I am a beginner to Pig and I am working with a large business data file. The business data file has cities from all over the world and I am looking to work with just the US cities. I have LOADED
both data sets successfully and am trying to iterate over the total business data file and remove all cities that are not in the US cities dataset.

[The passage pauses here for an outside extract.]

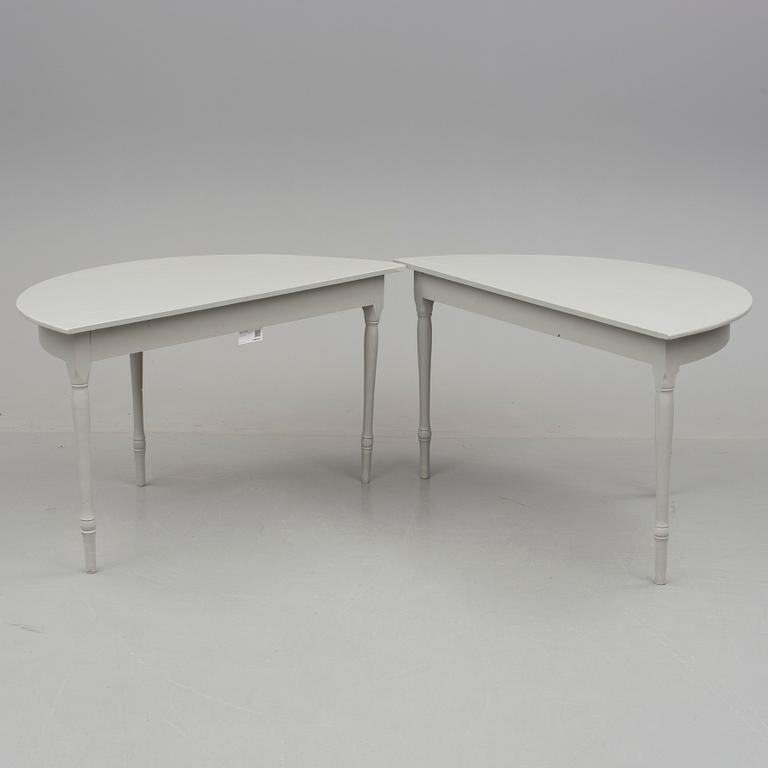MATBORD, s k månbord, omkring 1900.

raw_bus_data = LOAD 'globalbus.json' USING com.twitter.elphantbird.pig.load.JsonLoader('-nestedLoad') as (row: map[]);
us_citystate = LOAD 'us.csv' USING PigStorage(',') AS (city:chararray, state:chararray);
I realize this next line doesn't work, but i'm trying to do something similar:
bus_us_data = FILTER raw_bus_data BY state == us_citystate state;
Is this something i would need to use FOREACH
for?
You can do an inner join which will effectively filter out any rows that don't contain a US state. Because us_citystate
has multiple rows for each state (one for each city), you will need to create a new relation B
that contains only one row per state or else you will duplicate rows from bus_us_data
. The code to do this and the inner join is:
A = FOREACH us_citystate GENERATE state;
B = DISTINCT A;
C = JOIN raw_bus_data BY state, B BY state;
bus_us_data = FOREACH C GENERATE
raw_bus_data::var1 AS var1,
raw_bus_data::var2 AS var2;
Where var1, var2, etc. are the fields you wish to retain from raw_bus_data
.